_Problem requirements_
What is needed is an exact copy of the lines in the entries below from the one holding "hoary stock thumbnail 1" through the one holding "GRILA RADIATOR ESEN SKV 66SKV141 5", pictures excluded.

_Listed entries_
----------------------------------------

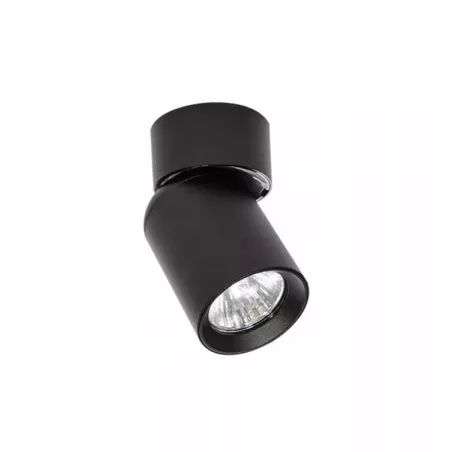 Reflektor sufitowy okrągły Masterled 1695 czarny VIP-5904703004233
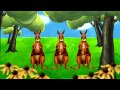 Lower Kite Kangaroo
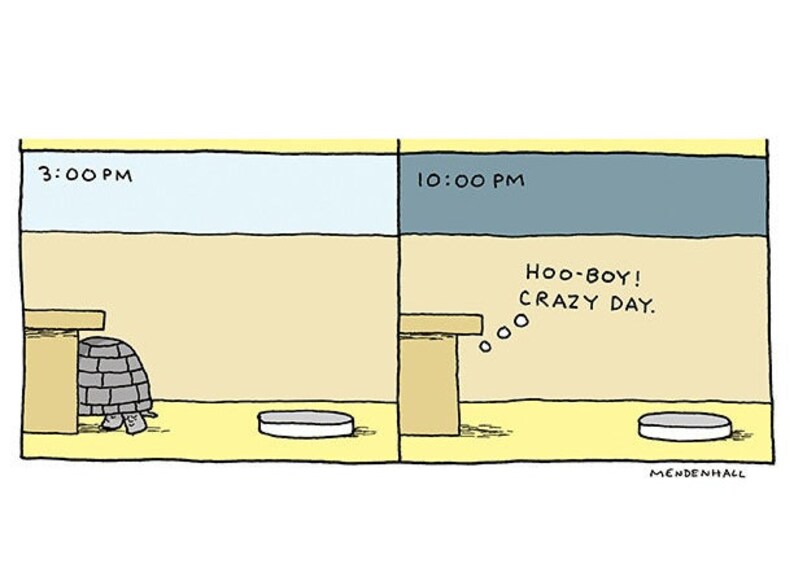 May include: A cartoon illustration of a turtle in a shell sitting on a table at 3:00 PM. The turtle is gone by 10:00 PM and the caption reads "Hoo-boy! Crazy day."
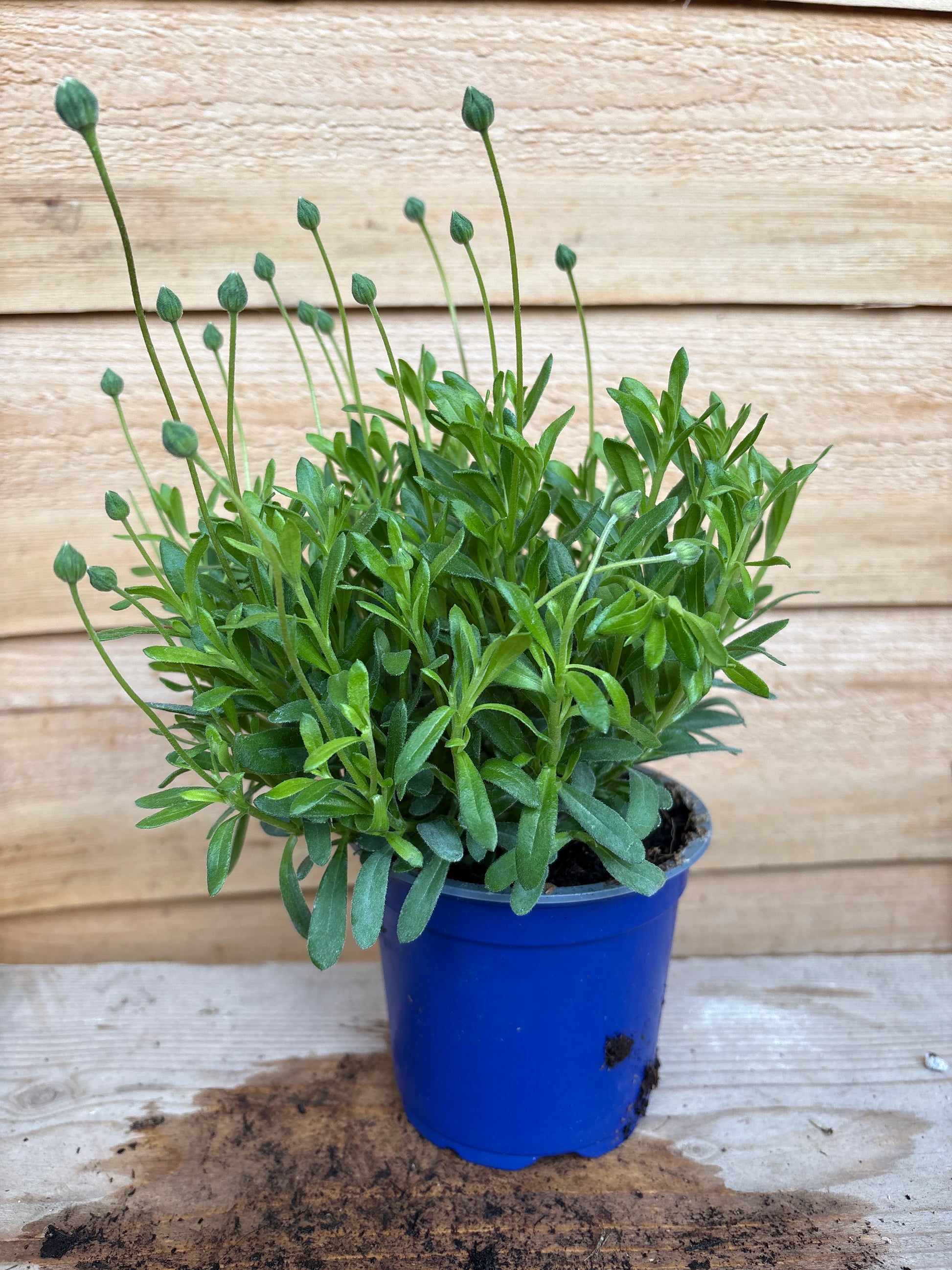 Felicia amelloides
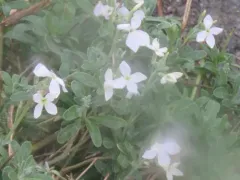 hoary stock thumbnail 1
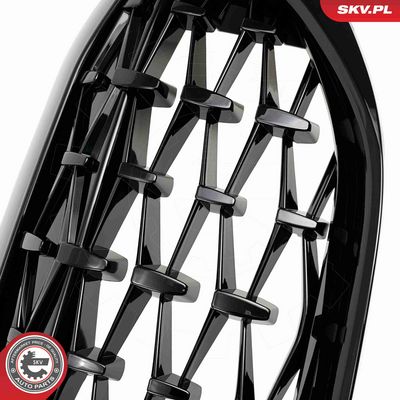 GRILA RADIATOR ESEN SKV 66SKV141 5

----------------------------------------

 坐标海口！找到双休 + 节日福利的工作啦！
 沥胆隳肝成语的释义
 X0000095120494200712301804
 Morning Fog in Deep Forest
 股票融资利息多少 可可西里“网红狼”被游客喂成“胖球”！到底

----------------------------------------

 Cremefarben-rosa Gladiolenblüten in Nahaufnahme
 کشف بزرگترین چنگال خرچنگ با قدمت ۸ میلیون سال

----------------------------------------

_Answer area_
 hoary stock thumbnail 1
 GRILA RADIATOR ESEN SKV 66SKV141 5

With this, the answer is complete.